▸ **GIVEN MATERIAL**
+---+
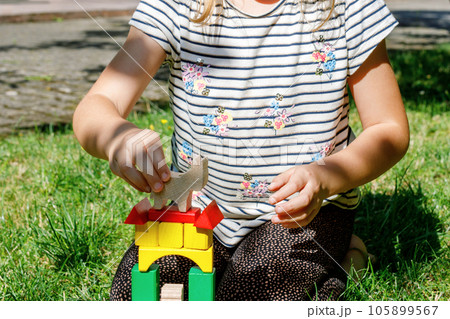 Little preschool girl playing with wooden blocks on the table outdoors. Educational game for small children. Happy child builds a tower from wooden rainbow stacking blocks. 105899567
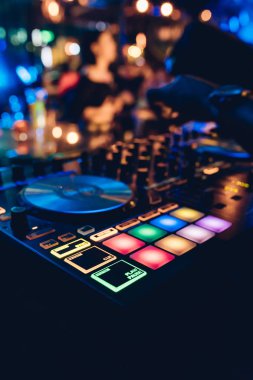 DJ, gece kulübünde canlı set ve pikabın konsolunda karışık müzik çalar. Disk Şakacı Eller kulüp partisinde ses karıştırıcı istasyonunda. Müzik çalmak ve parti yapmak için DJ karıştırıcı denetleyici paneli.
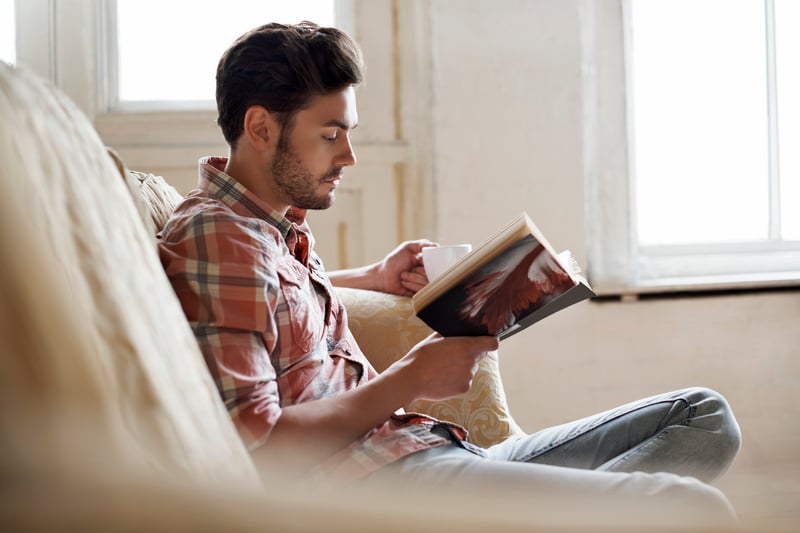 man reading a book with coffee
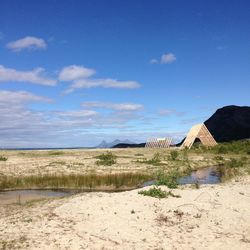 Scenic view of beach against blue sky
+---+
Print exactly, and only, the lines from the one with "DJ, gece kulübünde" through the last line of the listing above. No pictures belong in the copy.

 DJ, gece kulübünde canlı set ve pikabın konsolunda karışık müzik çalar. Disk Şakacı Eller kulüp partisinde ses karıştırıcı istasyonunda. Müzik çalmak ve parti yapmak için DJ karıştırıcı denetleyici paneli.
 man reading a book with coffee
 Scenic view of beach against blue sky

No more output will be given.